======== DATA UNDER STUDY ========

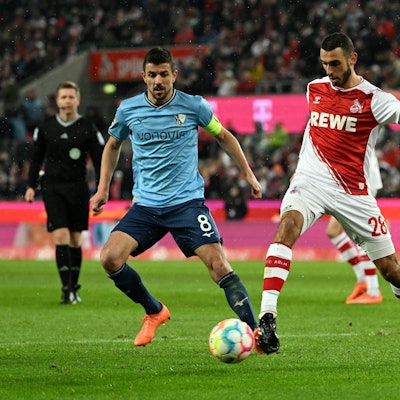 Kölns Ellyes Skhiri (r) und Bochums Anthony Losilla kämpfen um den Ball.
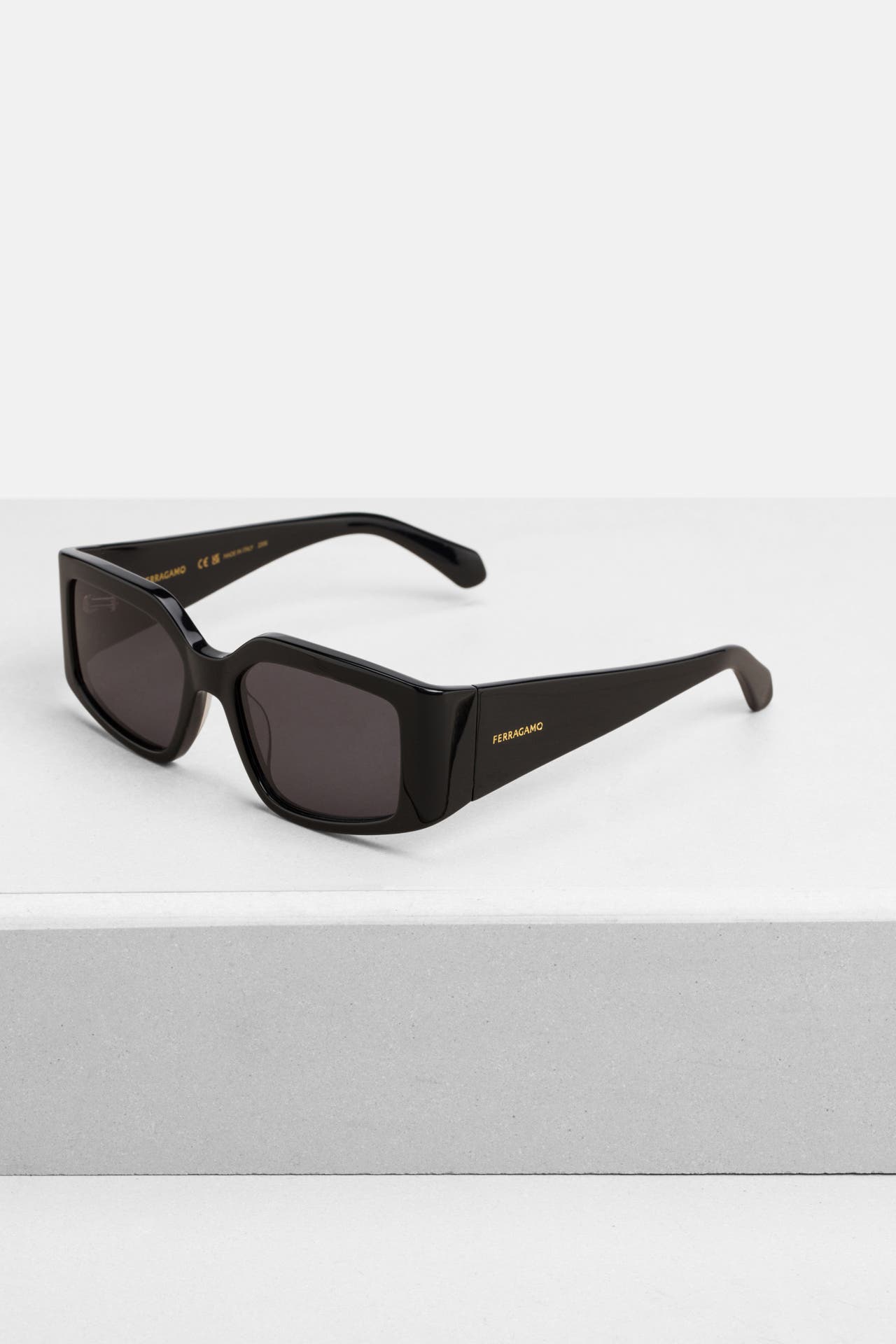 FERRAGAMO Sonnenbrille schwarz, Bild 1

========
======== DATA UNDER STUDY ========

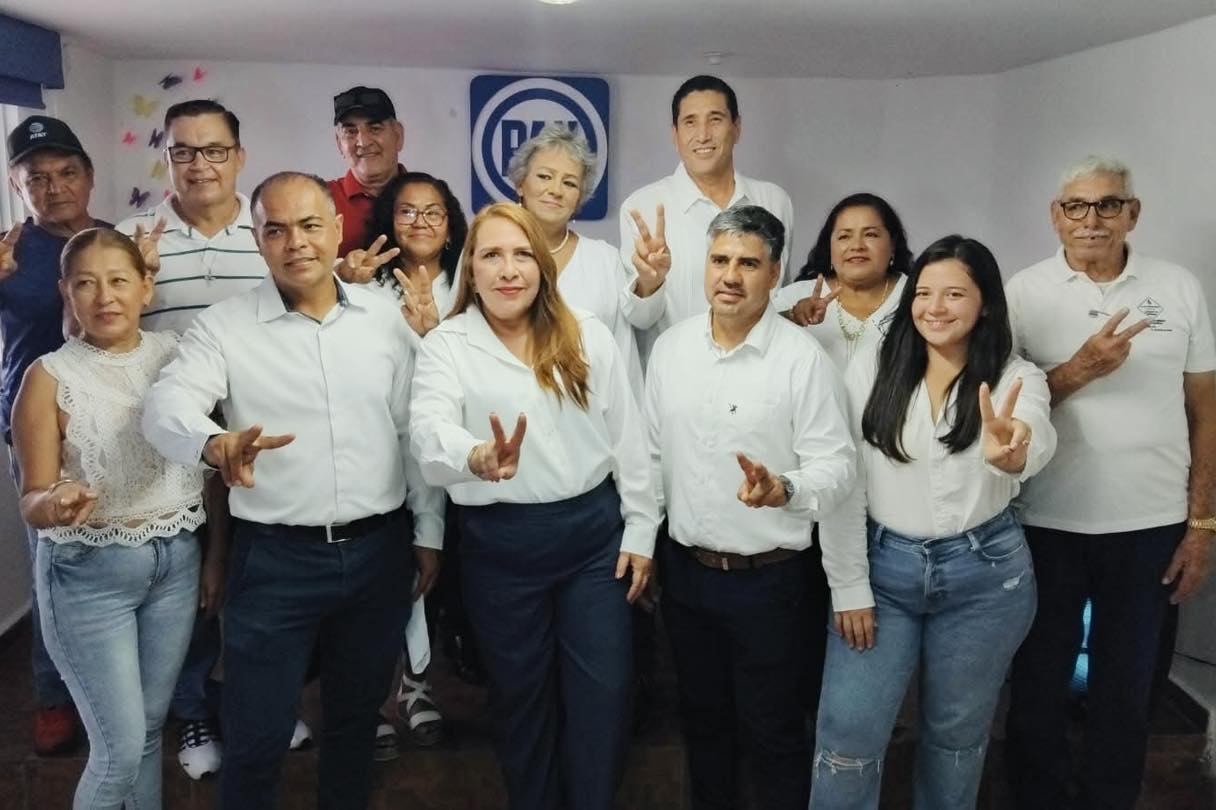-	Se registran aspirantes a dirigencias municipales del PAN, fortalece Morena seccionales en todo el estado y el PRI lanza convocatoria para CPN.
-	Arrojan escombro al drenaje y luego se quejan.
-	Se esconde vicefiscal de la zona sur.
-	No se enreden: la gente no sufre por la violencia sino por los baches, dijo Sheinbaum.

========

* **ACTION ITEM**
Repeat exactly the lines above, from the line that contains "convocatoria para CPN." down through the line that contains "baches, dijo Sheinbaum.". Include both of those lines and none of the pictures.

* **RESULT OF THE TASK**
-	Se registran aspirantes a dirigencias municipales del PAN, fortalece Morena seccionales en todo el estado y el PRI lanza convocatoria para CPN.
-	Arrojan escombro al drenaje y luego se quejan.
-	Se esconde vicefiscal de la zona sur.
-	No se enreden: la gente no sufre por la violencia sino por los baches, dijo Sheinbaum.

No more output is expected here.